Another piece of the puzzle sits within an old book at Hennepin Central Library.  In 1937, years after the Stock Market Crash, Calvin F. Scmid wrote an impressive sociological analysis of the Twin Cities area.  The project, funded by the Works Progress Administration, used an entire chapter to describe the “negro areas” of St. Paul and Minneapolis.  The study interestingly framed these areas as part of a greater series of “Vice areas;”[viii] Schmid noted that black citizens were socially forced to live in “marginal areas of the city, in which vice, crime, disease, bad housing, dependency, and other forms personal and social disorganizations are prevalent.”[ix] Other vice districts included the Gateway District, Loring Park, and the “Seven Corners” created by Washington Avenue and Cedar Avenue—each of these vice areas had a queer future ahead of them.
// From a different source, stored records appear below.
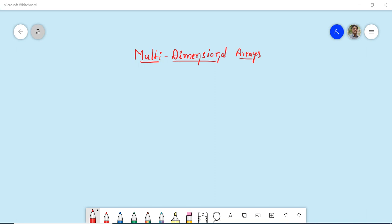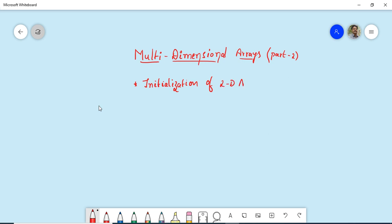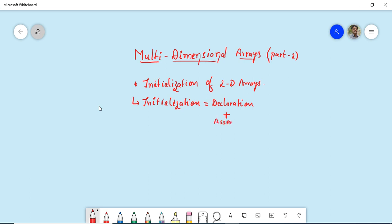Good morning and welcome back to our course on the C programming language. In today's session we are going to discuss multi-dimensional arrays, concentrating on the initialization of 2D arrays. Initialization is giving some initial values at the time of declaration itself, so it can be written as declaration plus assignment — where memory is allocated and you give initial values using the assignment operator.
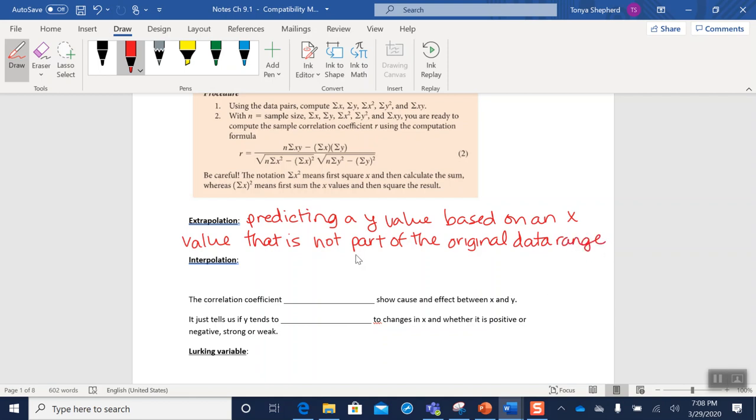Okay, so what that means is let's say all of the x numbers in my original data were somewhere between 1 and 100. If I wanted to extrapolate and know what was going to happen when x was 150, that's an extrapolation because the x value I want to make a prediction about is not in the 1 to 100 range that my original data was in.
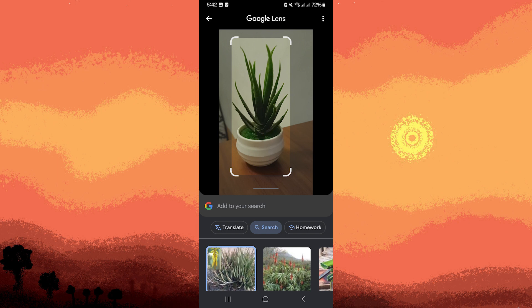You can tap on each result to see more detailed information and confirm the correct identification based on additional descriptions and images.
Great steps have been taken to note the significance of LGBTQ people of color in queer history, but our society still runs the terrible risk of losing a century’s work of queer life experiences, if only because so little has been recorded about the experiences of people of color.  Queen Latifa may have sang a single number in Chicago as Matron Mama Morton, but few can identify her character as a reference to (a definitely lesbian) Ma Rainey.[x] Likewise, we can draft a comparison between Harlem’s rent parties and Rondo’s good time parties, but without personal accounts, this remains a conjecture.

If you know a longtime local resident who is LGBTQA and lived near Rondo Avenue or on Minneapolis’ northside during the 1930s-1960s, please contact me at [email protected].  I would love to include their stories in my upcoming book.


[i] Lawrence R. Broer and John D. Walther, editors. Dancing Fools and Weary Blues: The Great Escape of the Twenties (Bowling Green, OH: Bowling Green University Press, 1990)

[ii] Shane Vogel, The Scene of Harlem Cabaret: Race, Sexuality, Performance (Chicago: University of Chicago Press, 2009), 18-25

[iii] James F. Wilson, Bulldaggers, Pansies, and Chocolate Babies: Performance, Race, and Sexuality in the Harlem Renaissance (Ann Arbor, MI: The University of Michigan Press, 2010), 174

[iv] Wilson, 27

[v] Evelyn Fairbanks. Days of Rondo: A Warm Reminiscence of St. Paul’s Thriving Black Community in the 1930s and 1940s, (St. Paul: Minnesota Historical Society Press, 1990) page 153.

[vi] “Sissle and Blake at Metropolitan: ‘The Chocolate Dandies’ Latest of the Colored Musical Shows,” The Minneapolis Journal, February 23, 1924.

[vii] Nadine George-Graves, “The Chocolate Dandies,” Encyclopedia of the Harlem Renaissance (New York: Routledge, 2004), 223-224

[viii] Calvin F. Schmid, Social Saga of Two cities: An Ecological and Statistical Study of Social Trends in Minneapolis and St. Paul (Minneapolis: The Minneapolis Council of Social Agencies, 1936) Chart 195

[ix] Calvin F. Schmid.  “Your Minneapolis: An Abstract of Social Saga of the Two Cities” (Minneapolis: Minneapolis council of Social Agencies, 1938), 41

[x] Of course, this is a suggestion.  Take a close look at Latifa’s costume and bawdy performance, and then take a look at photos of Rainey in action.  The similarity is unmistakable.